:: Problem to work on ::
Everything in the listing below must be set down again exactly, apart from the pictures.

:: Material shown ::
····················

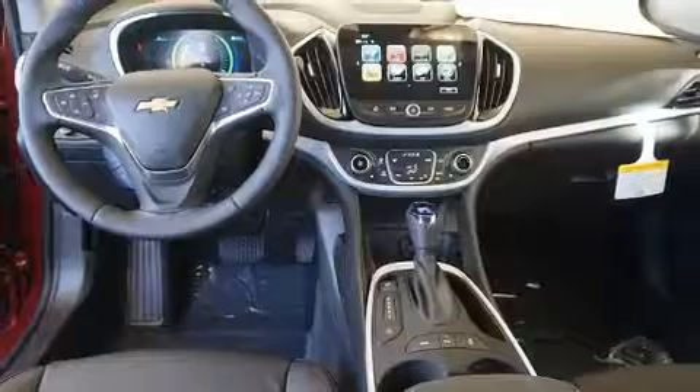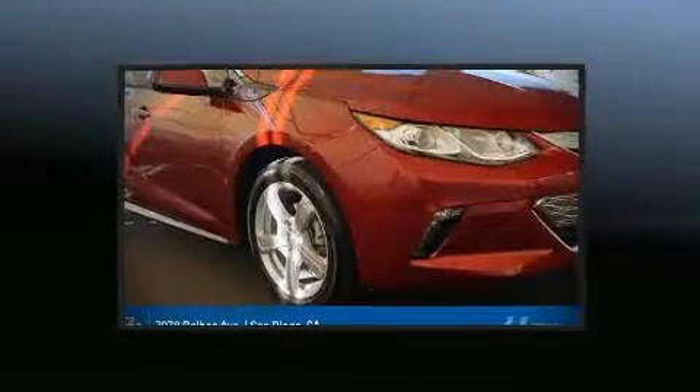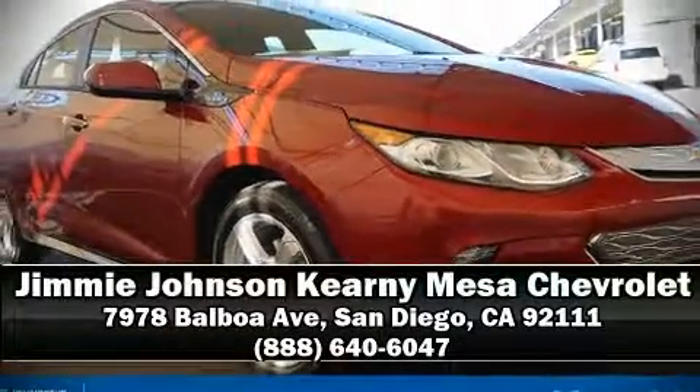Our knowledgeable sales staff is available to answer any questions that you might have. We are here to help you.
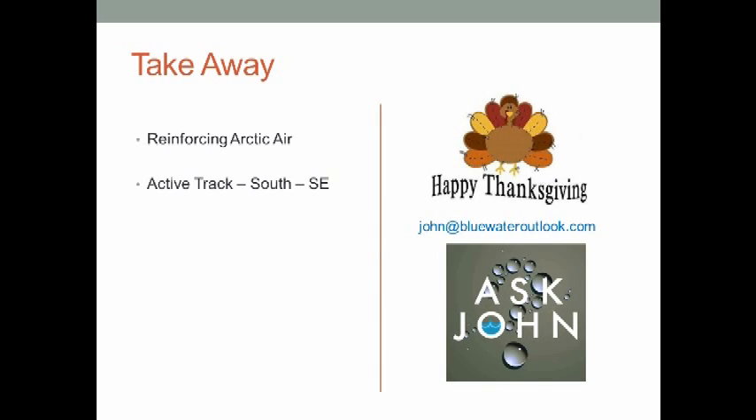I hope you enjoyed this briefing. You can always send me a question at john@bluewateroutlook.com. I wish you and your family a happy Thanksgiving — I will be talking with you again next week.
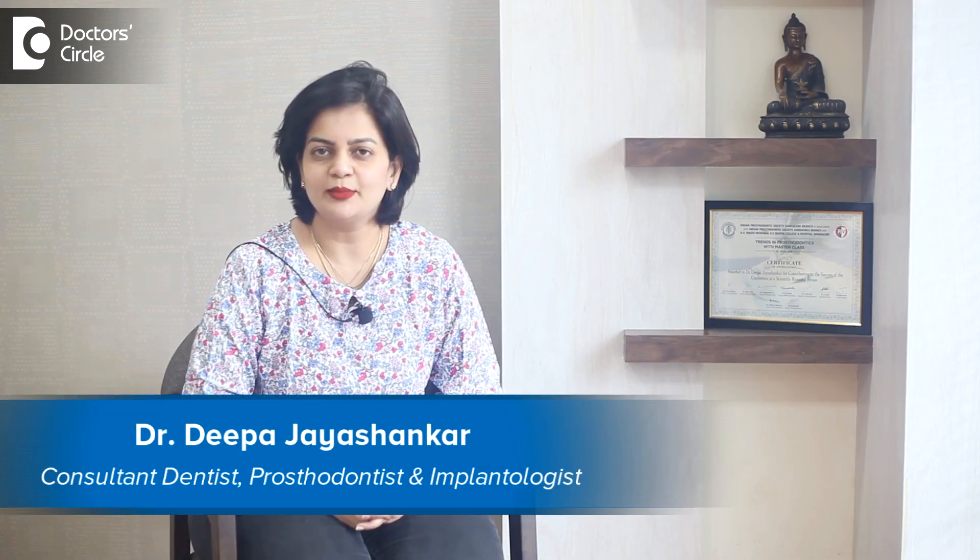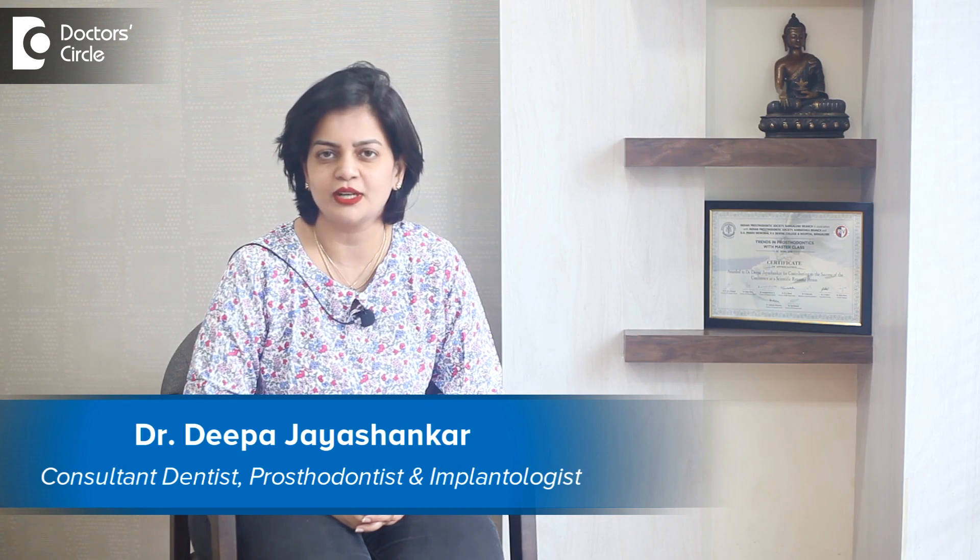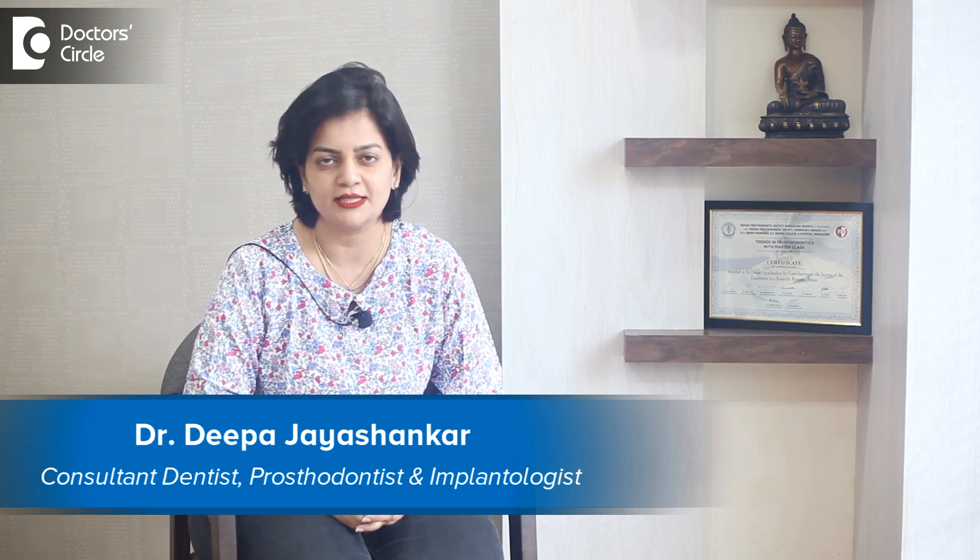Hello everyone, this is Dr. Deepa Jayshankar. I'm a consultant prosthodontist and I work as an associate professor in one of the dental colleges in Bengaluru. I also run a private practice called Tooth Firm in HSR Layout.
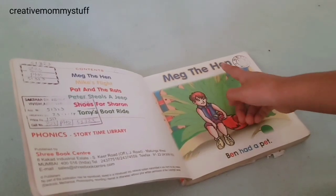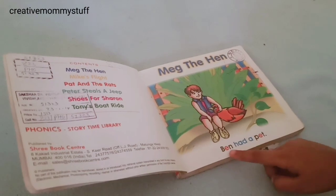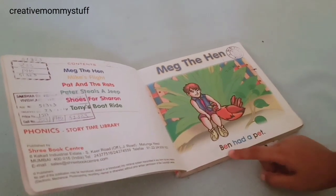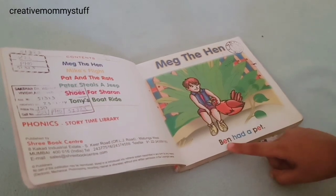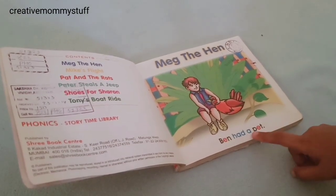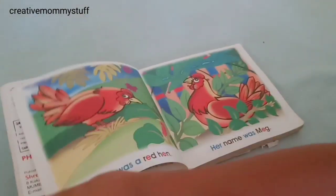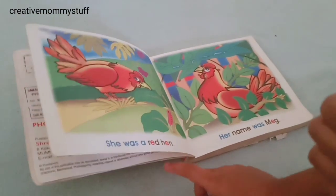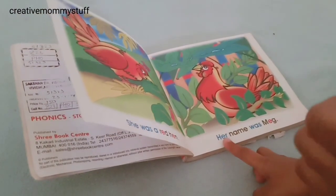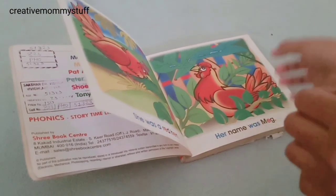Meg the hen. Ben had a pet. She was a redhead. Her name was Meg.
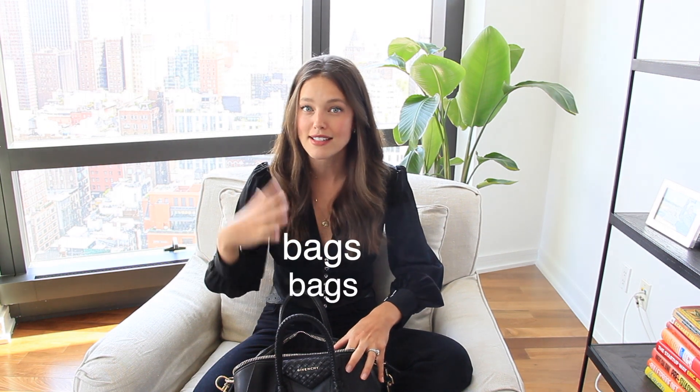Also in here I have so many bags inside bags inside bags, so get ready for that. I have my 'everything is fine' bag, which is basically my emergency kit — makeup stuff, Tylenol — I will show you.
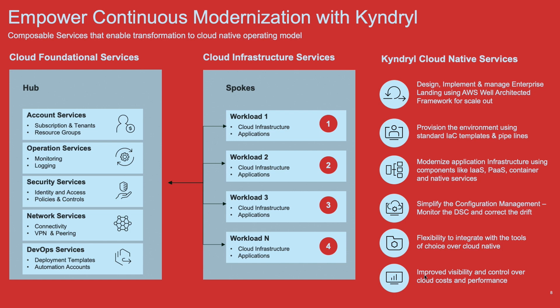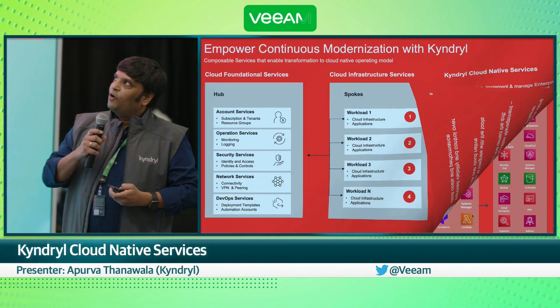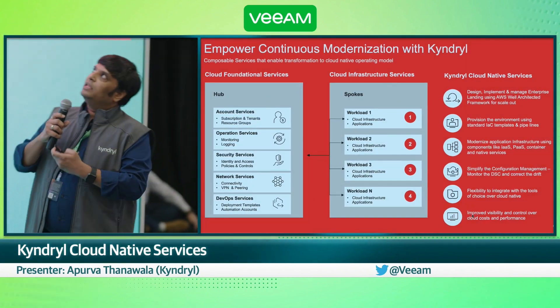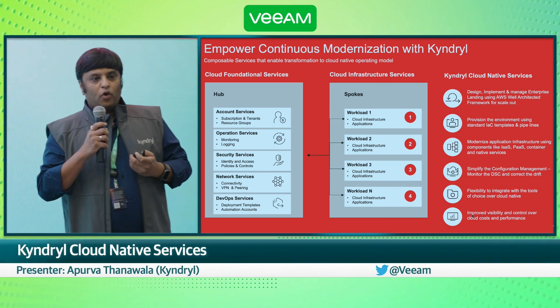We offer them in a flexible model, so you can select what services you need for your estate. You can pick up only the foundational services, or you can pick up the infrastructure services, or a combination of both depending upon what you need.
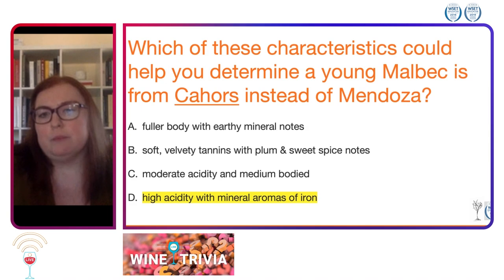You're going to see a higher acidity instead of moderate acidity that you'd see in Mendoza. It would be medium bodied in Cahors, but because of that acidity, C is not the correct answer.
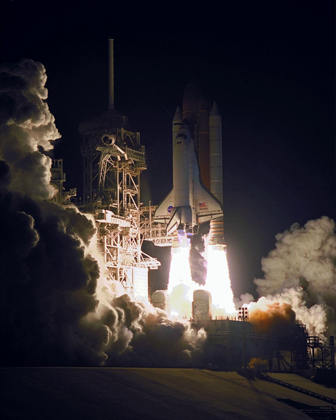STS-101 was a Space Shuttle mission to the International Space Station flown by Space Shuttle Atlantis. The mission was a 10-day mission conducted between 19 May 2000 and 29 May 2000. The mission was designated 2A.2 and was a resupply mission to the International Space Station.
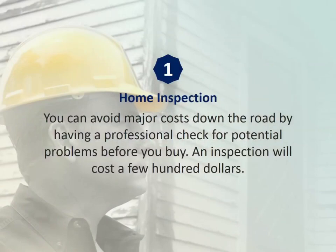Number one: home inspection. You can avoid major costs down the road by having a professional check for potential problems before you buy. An inspection will cost a few hundred dollars. If an issue is found, like asbestos or structural problems, you may need to pay a specialist to do a more detailed assessment.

····················

:: Response area ::
Our knowledgeable sales staff is available to answer any questions that you might have. We are here to help you.
I hope you enjoyed this briefing. You can always send me a question at john@bluewateroutlook.com. I wish you and your family a happy Thanksgiving — I will be talking with you again next week.
Hello everyone, this is Dr. Deepa Jayshankar. I'm a consultant prosthodontist and I work as an associate professor in one of the dental colleges in Bengaluru. I also run a private practice called Tooth Firm in HSR Layout.
Meg the hen. Ben had a pet. She was a redhead. Her name was Meg.
Also in here I have so many bags inside bags inside bags, so get ready for that. I have my 'everything is fine' bag, which is basically my emergency kit — makeup stuff, Tylenol — I will show you.
We offer them in a flexible model, so you can select what services you need for your estate. You can pick up only the foundational services, or you can pick up the infrastructure services, or a combination of both depending upon what you need.
You're going to see a higher acidity instead of moderate acidity that you'd see in Mendoza. It would be medium bodied in Cahors, but because of that acidity, C is not the correct answer.
STS-101 was a Space Shuttle mission to the International Space Station flown by Space Shuttle Atlantis. The mission was a 10-day mission conducted between 19 May 2000 and 29 May 2000. The mission was designated 2A.2 and was a resupply mission to the International Space Station.
Number one: home inspection. You can avoid major costs down the road by having a professional check for potential problems before you buy. An inspection will cost a few hundred dollars. If an issue is found, like asbestos or structural problems, you may need to pay a specialist to do a more detailed assessment.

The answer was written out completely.